Work request
Among the entries below, retype exactly the lines starting with the one with "Tampa Four Bedroom" and going on through the one with "Novotel Newcastle Beach", but not the pictures.

─── Provided entries

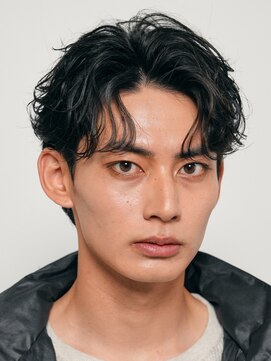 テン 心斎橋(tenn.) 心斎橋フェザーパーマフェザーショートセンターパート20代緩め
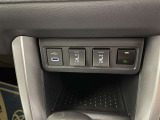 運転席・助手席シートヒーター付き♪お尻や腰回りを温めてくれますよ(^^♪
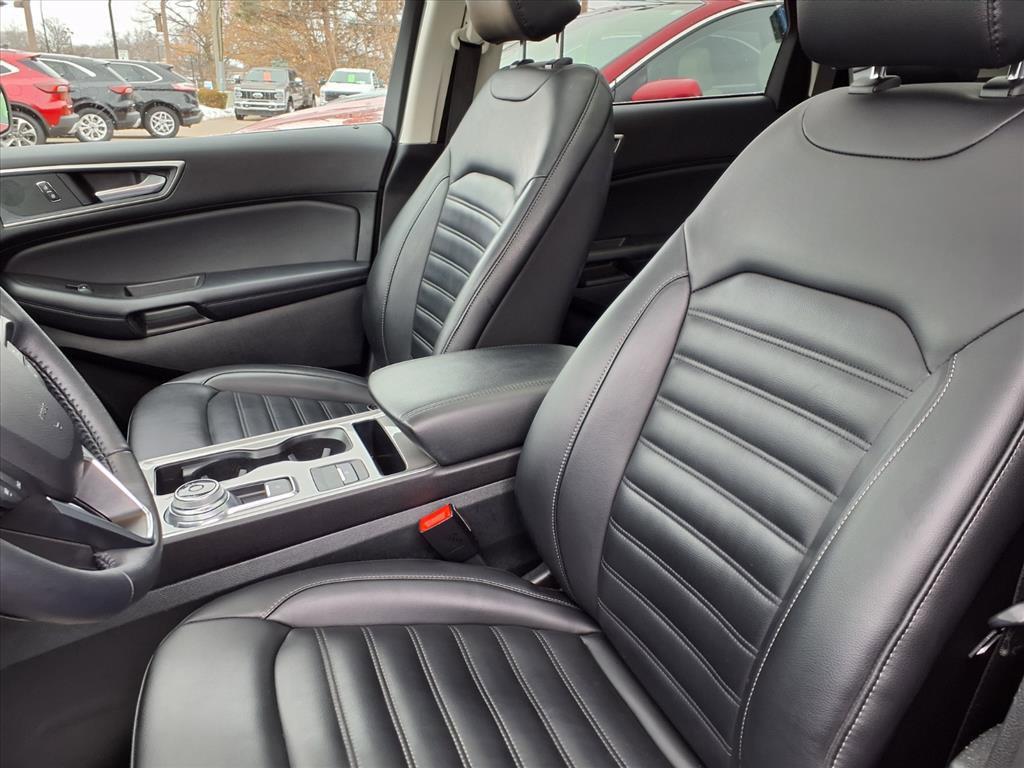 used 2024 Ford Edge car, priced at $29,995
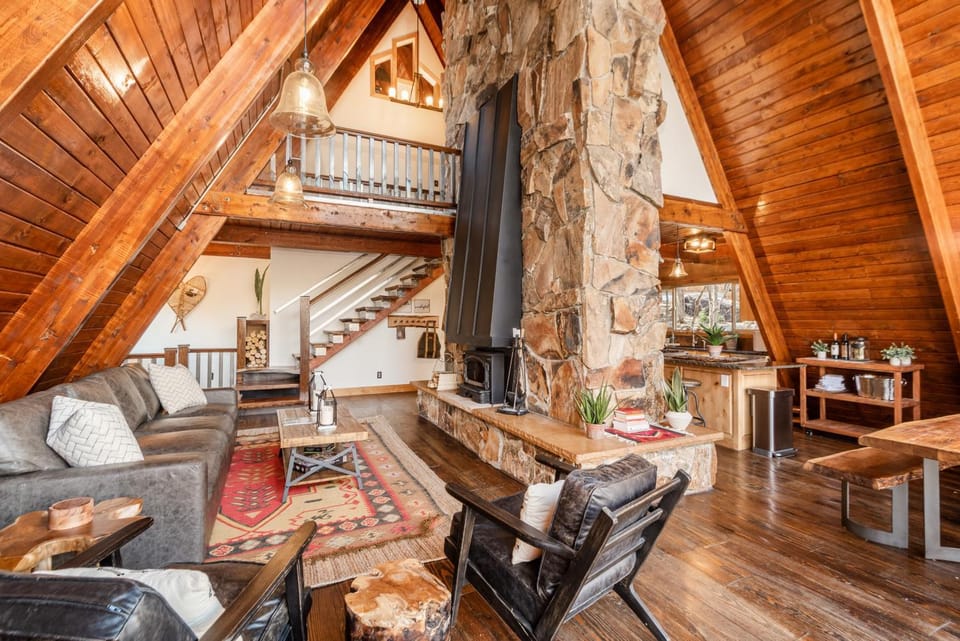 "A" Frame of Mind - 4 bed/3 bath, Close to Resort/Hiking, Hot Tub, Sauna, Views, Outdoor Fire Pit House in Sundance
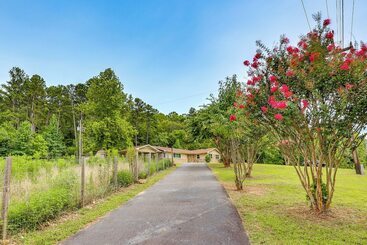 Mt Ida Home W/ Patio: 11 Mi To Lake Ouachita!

──────
─── Provided entries

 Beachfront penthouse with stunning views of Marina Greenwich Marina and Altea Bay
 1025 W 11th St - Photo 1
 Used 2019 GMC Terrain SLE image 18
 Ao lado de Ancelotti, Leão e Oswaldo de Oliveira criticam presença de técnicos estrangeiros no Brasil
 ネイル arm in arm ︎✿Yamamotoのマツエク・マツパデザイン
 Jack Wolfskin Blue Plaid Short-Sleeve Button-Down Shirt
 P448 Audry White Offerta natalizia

──────
─── Provided entries

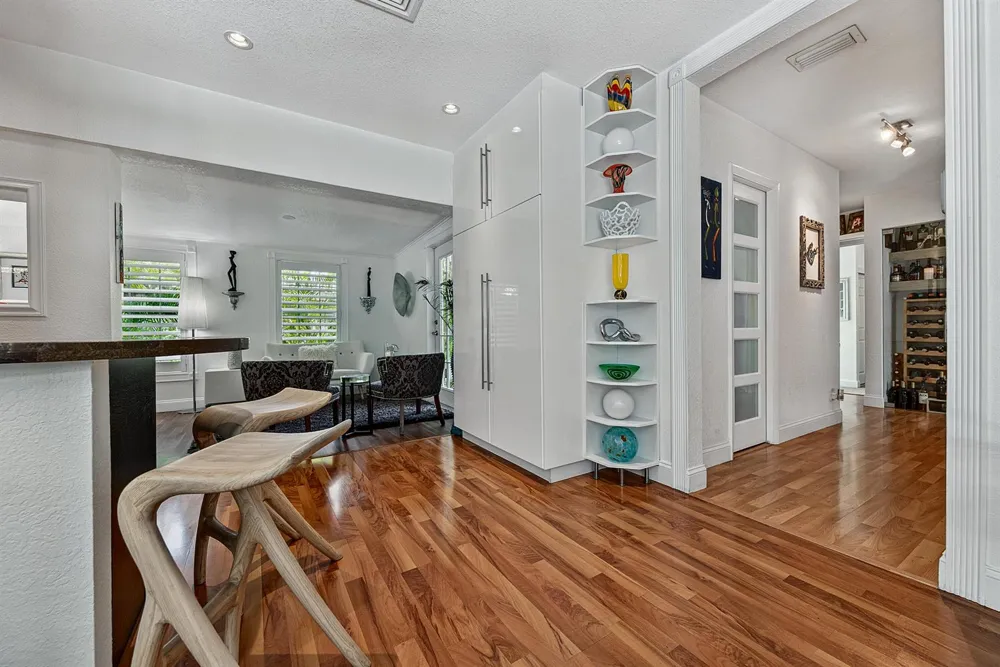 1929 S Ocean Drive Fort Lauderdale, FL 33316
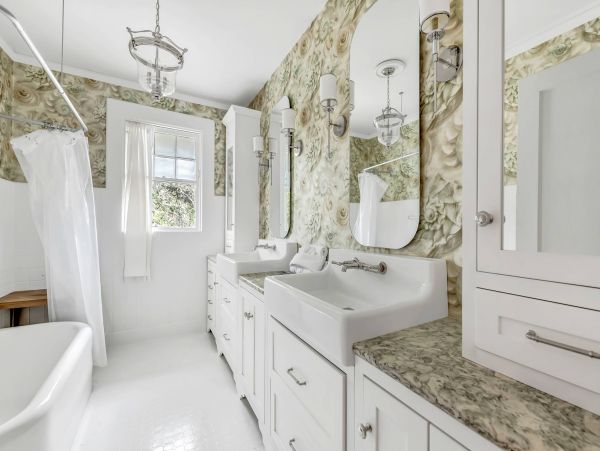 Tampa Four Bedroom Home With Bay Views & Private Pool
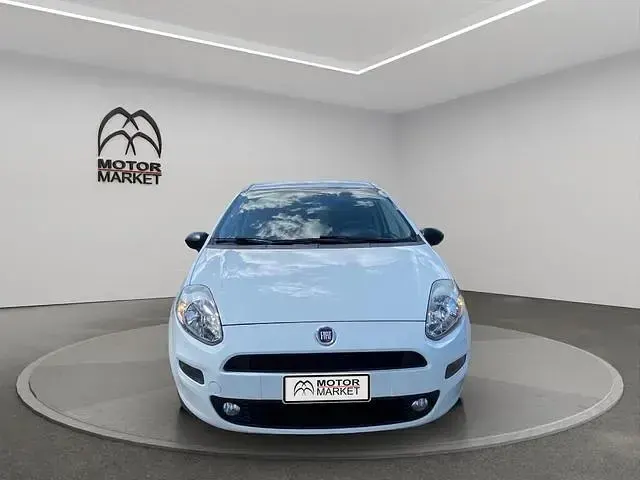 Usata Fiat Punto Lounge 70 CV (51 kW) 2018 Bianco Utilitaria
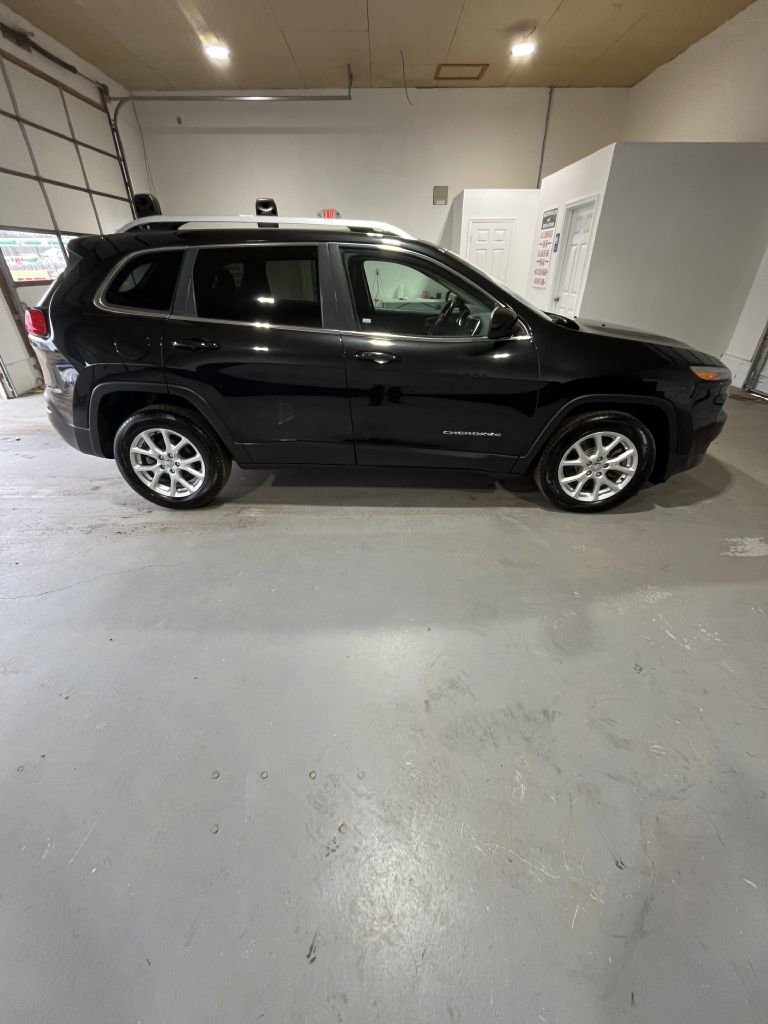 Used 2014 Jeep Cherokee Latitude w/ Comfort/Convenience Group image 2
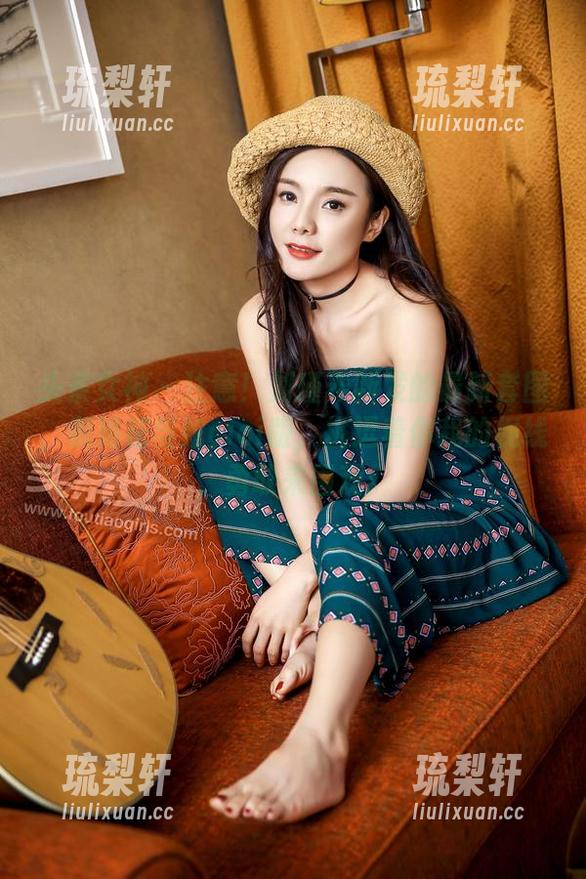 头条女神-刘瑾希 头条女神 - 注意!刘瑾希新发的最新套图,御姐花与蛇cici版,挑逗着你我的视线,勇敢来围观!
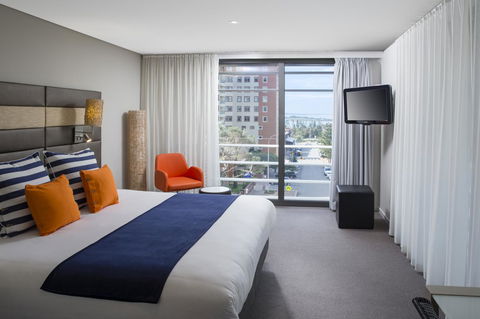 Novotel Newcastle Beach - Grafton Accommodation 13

──────

Output
 Tampa Four Bedroom Home With Bay Views & Private Pool
 Usata Fiat Punto Lounge 70 CV (51 kW) 2018 Bianco Utilitaria
 Used 2014 Jeep Cherokee Latitude w/ Comfort/Convenience Group image 2
 头条女神-刘瑾希 头条女神 - 注意!刘瑾希新发的最新套图,御姐花与蛇cici版,挑逗着你我的视线,勇敢来围观!
 Novotel Newcastle Beach - Grafton Accommodation 13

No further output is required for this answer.